### GOAL OF THE EXERCISE
Exactly the lines below from the line with "This system has" through the line with "In this episode, we're" must make up the answer, both ends included and pictures left out.

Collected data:
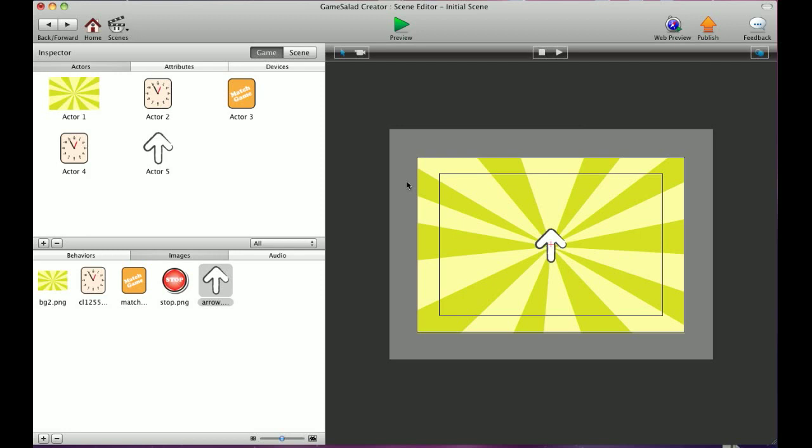Okay, T-Shirt Booth here again, and in this tutorial, I'm going to show you how to rotate an image within your scene. As you can see, I've added an arrow image, and I've added it to my actor, and placed it in this scene.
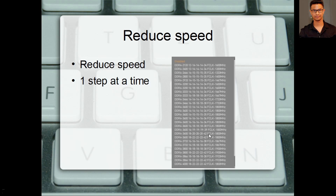There are so many RAM speeds that DDR4 supports — it starts from 2133MHz all the way to 4000MHz. So if your RAM is failing at 3200MHz, go one step down. If it's still failing, go another step down. Keep going one step at a time until it's stable.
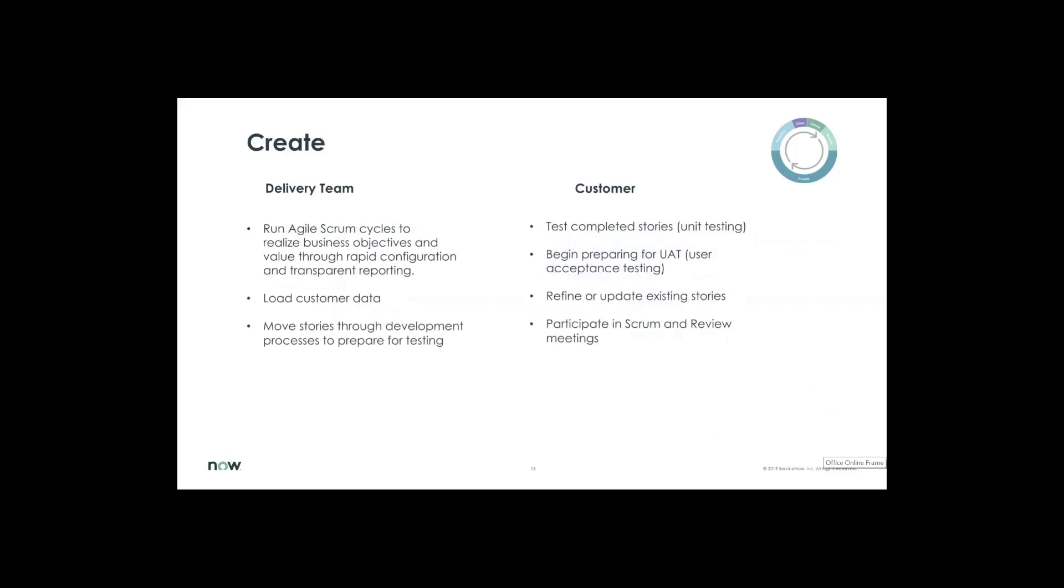Alright, when we start creating, we'll have Agile Scrum, our Kanban type of Agile Scrum cycle to realize your business objectives and the value. We'll be walking through this quickly. We'll load in your customer data. We'll start moving through stories through the development process and starting to prepare to test it. So the customer should be prepared for these activities with the unit testing, UAT, refining and updating user stories as we see fit to make sure that the solution brings value. And the customer should be ready to participate in the Scrum and review meeting.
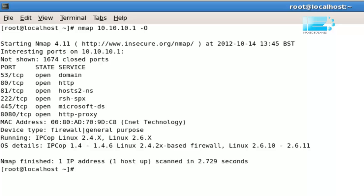In this particular case, it's told us that we have IPCop running, version 1.4 to 1.4.6. That's actually exactly what is running. So in this particular case, it's been very successful in determining the operating system which is running on that machine.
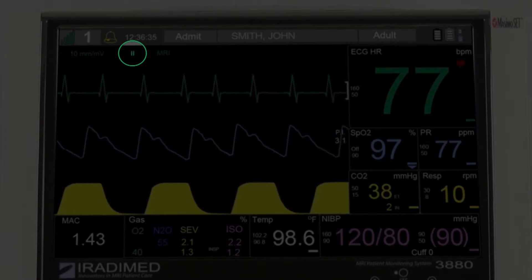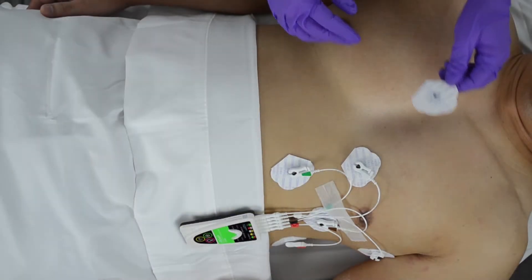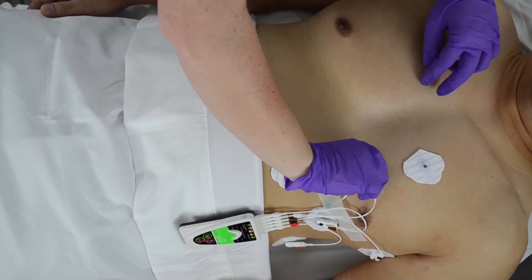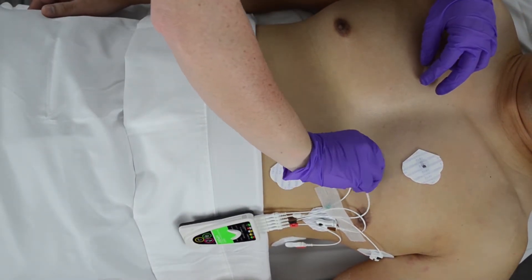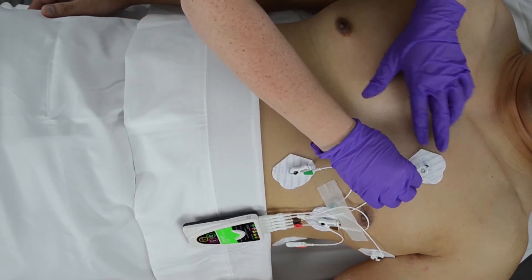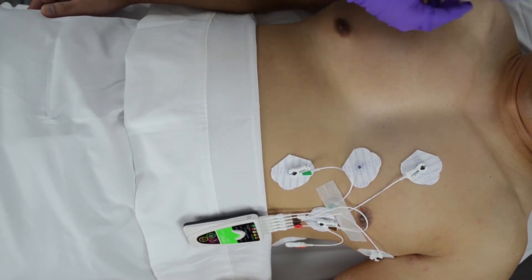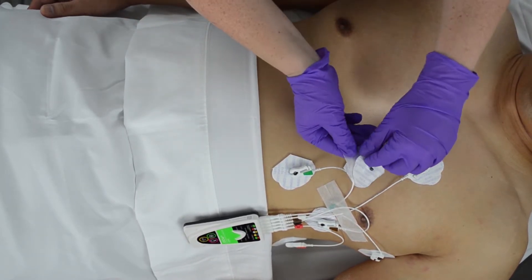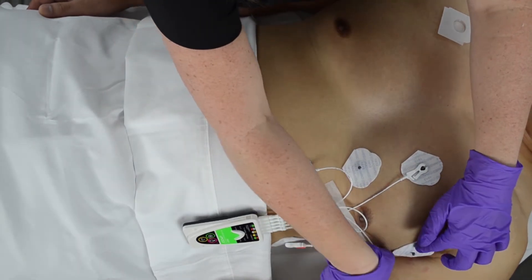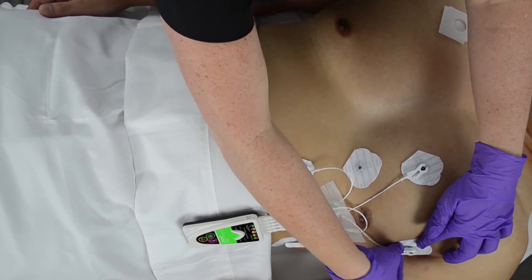If the signal is still inadequate for MRI scanning, the user will then reprep the patient's skin above the RA or R and LA or L electrodes. Take two new wet gel electrodes and place them approximately an inch above the RA or R and LA or L electrodes, then reattach the lead wires.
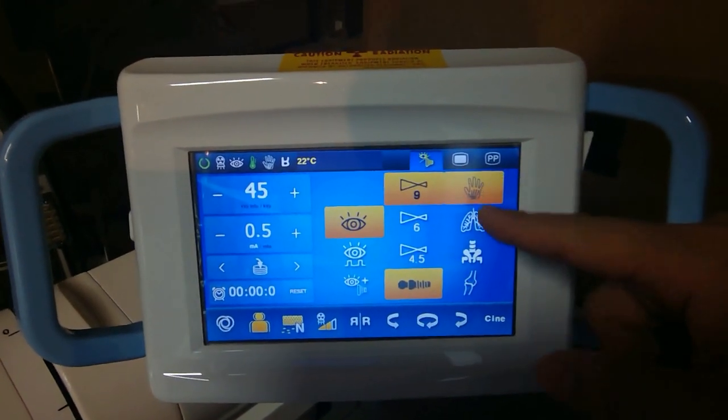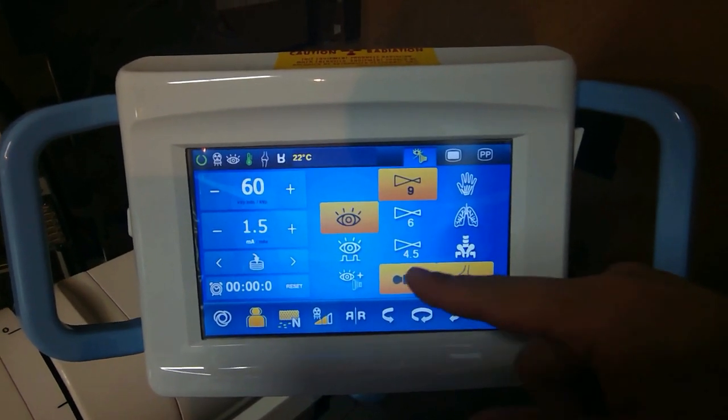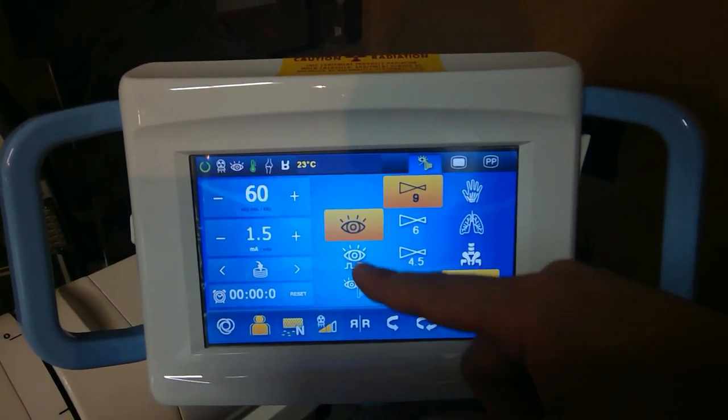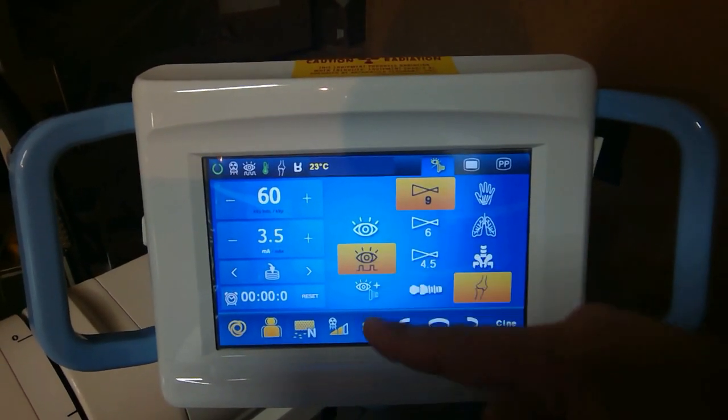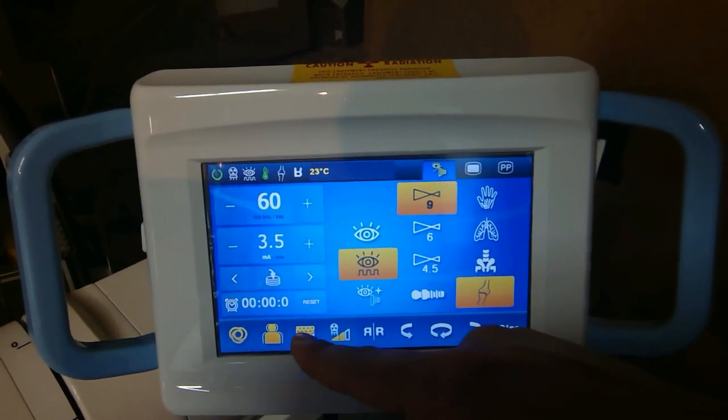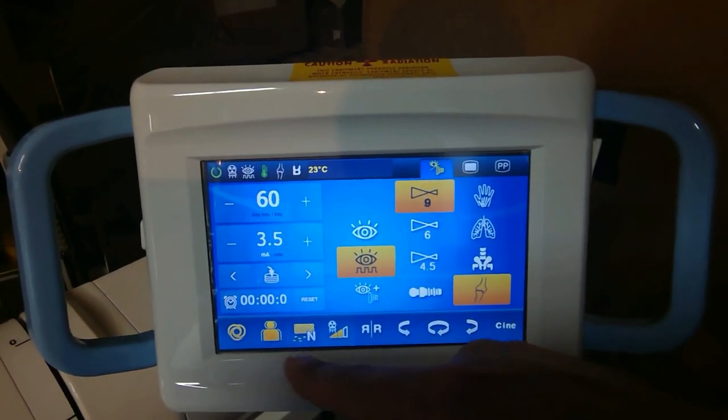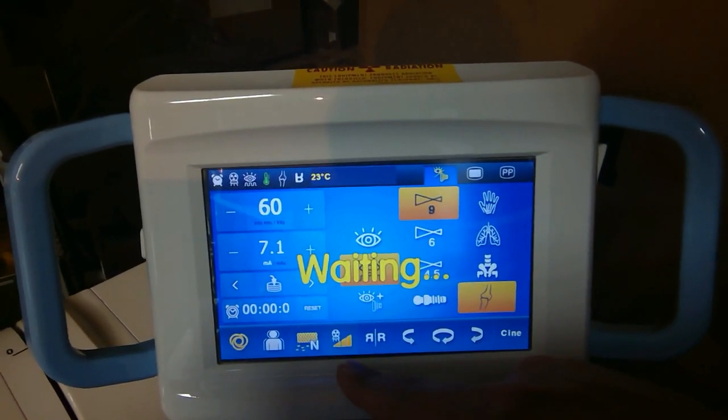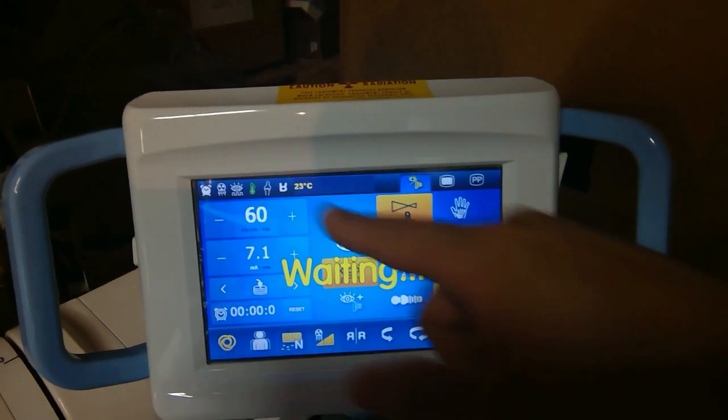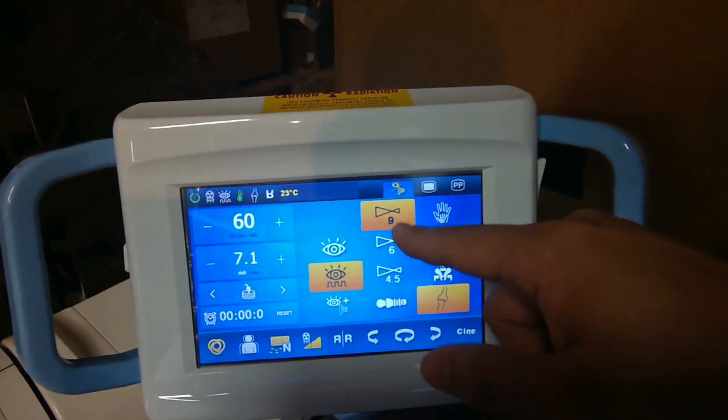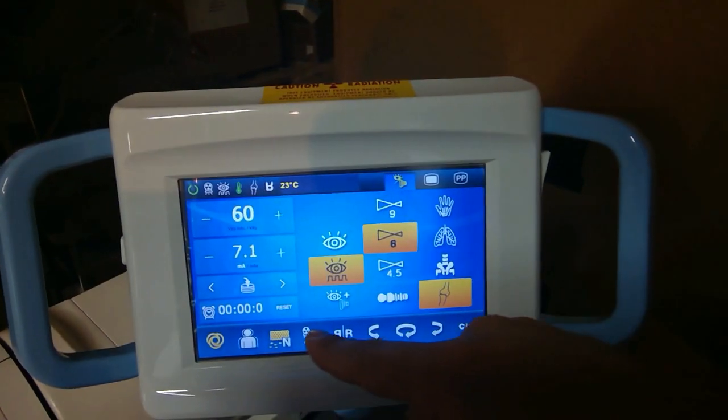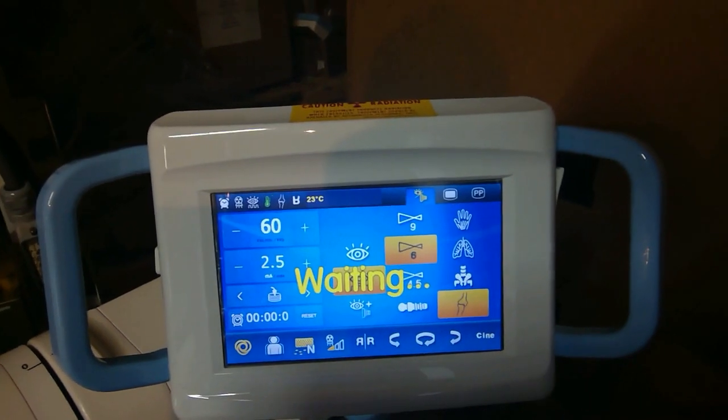This system has a lot of different options, such as the preset on the side, which is customizable, metal detection, motion detection, different pulse, continuous mode, filters, and all sorts of different options that are not common in other C-arms.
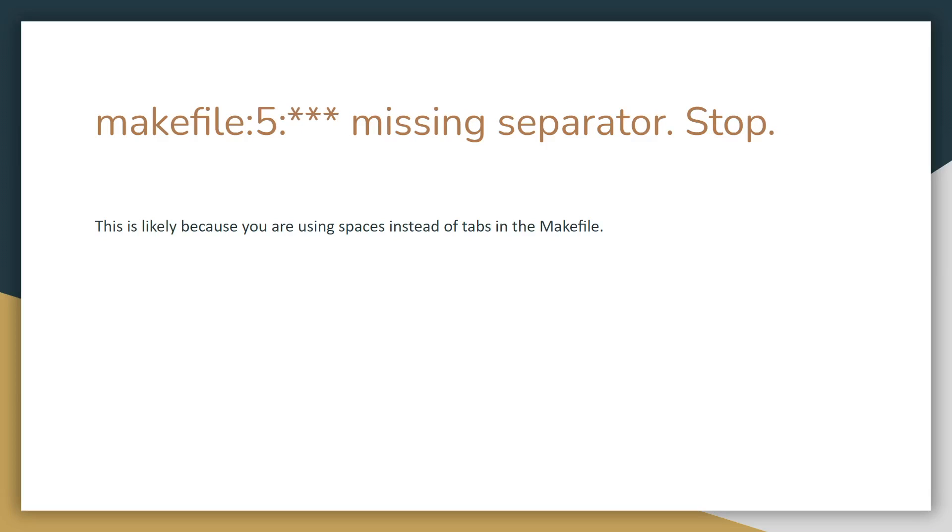Another make file error is where it says missing separator. This is likely because you are using spaces instead of tabs in the make file, and unfortunately make files only work with tabs.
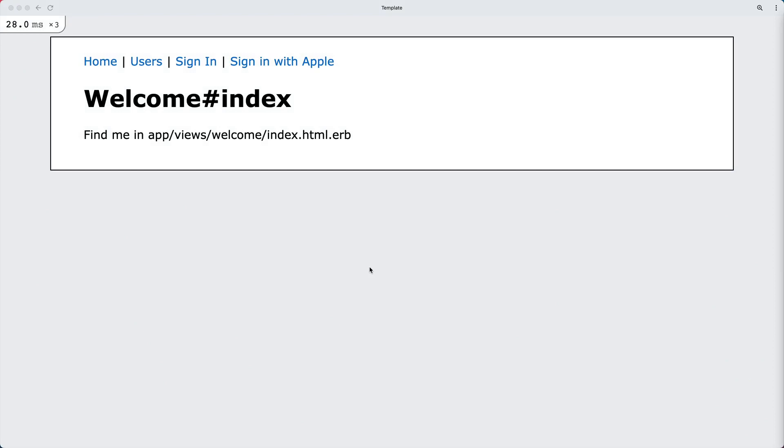In this episode, we're going to look at creating an OmniAuth for sign in with Apple. So we could sign in normally with our username and password, or if we already have an Apple ID account, then we can sign in with Apple.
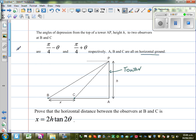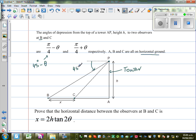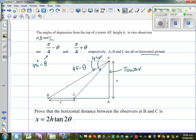Let us put some values in the diagram. P is the top of the tower. The angle of depression of B is π/4 minus θ — I like to write in degrees, so this is 45 minus θ. And the angle of depression of C from P is π/4 plus θ, which is 45 plus θ.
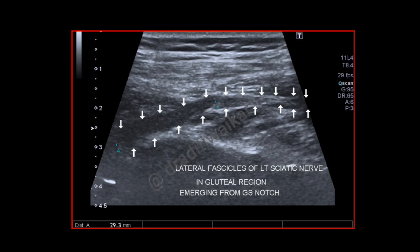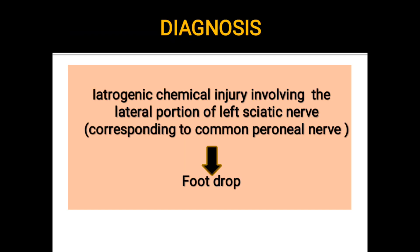This is the longitudinal image along the long axis of the left sciatic nerve. We can see there is diffuse reduced echogenicity involving the lateral fascicle bundles of the left sciatic nerve in the gluteal region as it emerges from the greater sciatic notch.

### EXERCISE ANSWER
This system has a lot of different options, such as the preset on the side, which is customizable, metal detection, motion detection, different pulse, continuous mode, filters, and all sorts of different options that are not common in other C-arms.
Another make file error is where it says missing separator. This is likely because you are using spaces instead of tabs in the make file, and unfortunately make files only work with tabs.
In this episode, we're going to look at creating an OmniAuth for sign in with Apple. So we could sign in normally with our username and password, or if we already have an Apple ID account, then we can sign in with Apple.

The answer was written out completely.